- _Provided material_

————

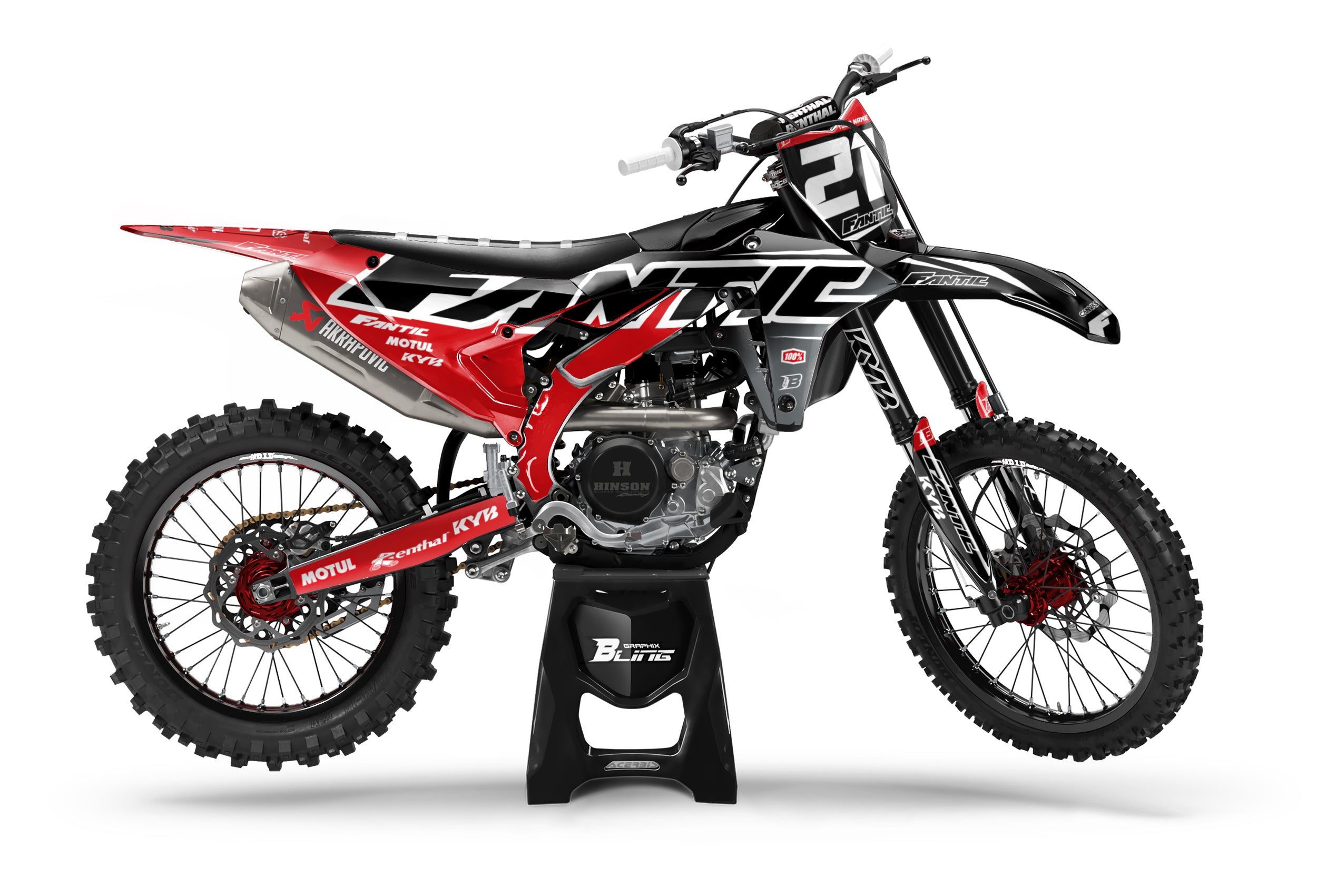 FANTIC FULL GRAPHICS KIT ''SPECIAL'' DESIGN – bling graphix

————

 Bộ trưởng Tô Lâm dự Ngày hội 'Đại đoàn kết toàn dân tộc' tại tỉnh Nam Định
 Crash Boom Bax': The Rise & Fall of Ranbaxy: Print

————

- _What needs to be done_
Transcribe the records above exactly, beginning at the line that contains "Bộ trưởng Tô" and ending with the line that contains "Crash Boom Bax': The", both included, and nothing else.

- _Solution to this exercise_
 Bộ trưởng Tô Lâm dự Ngày hội 'Đại đoàn kết toàn dân tộc' tại tỉnh Nam Định
 Crash Boom Bax': The Rise & Fall of Ranbaxy: Print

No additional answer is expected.